» **What is expected**: Your copy should repeat the data that follows exactly and contain no image.

» **Data shown**:
□ □ □ □ □ □ □

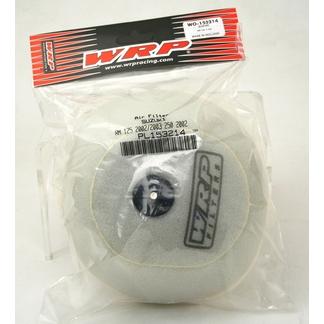 AIR FILTER 2-03 RM125 RM250 02, FILTER WO-153214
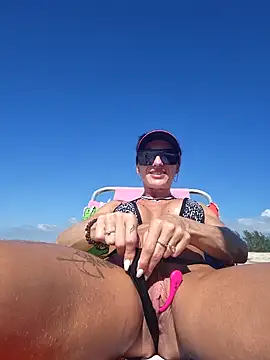 Brunna Ella online show from 02-05-25, 12:27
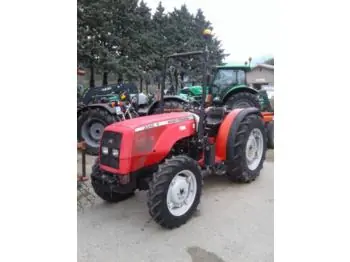 Massey Ferguson MF 3340-4 F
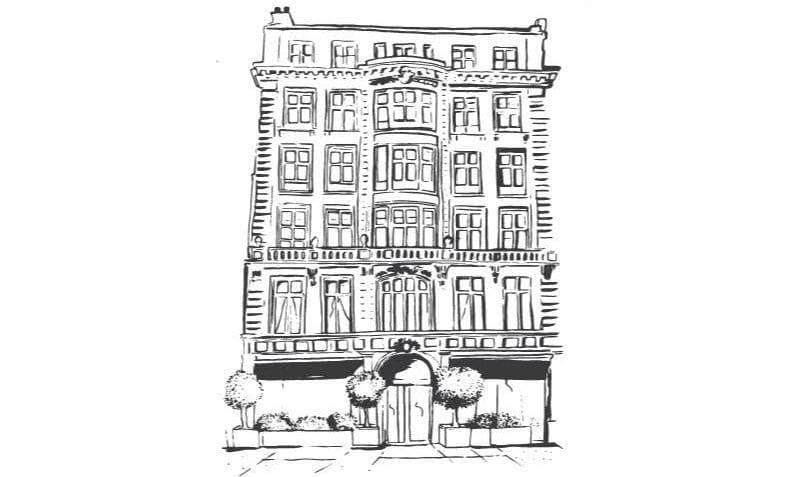 Massimo Bottura announced as first guest chef at The Conduit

□ □ □ □ □ □ □

» **Result of the exercise**:
 AIR FILTER 2-03 RM125 RM250 02, FILTER WO-153214
 Brunna Ella online show from 02-05-25, 12:27
 Massey Ferguson MF 3340-4 F
 Massimo Bottura announced as first guest chef at The Conduit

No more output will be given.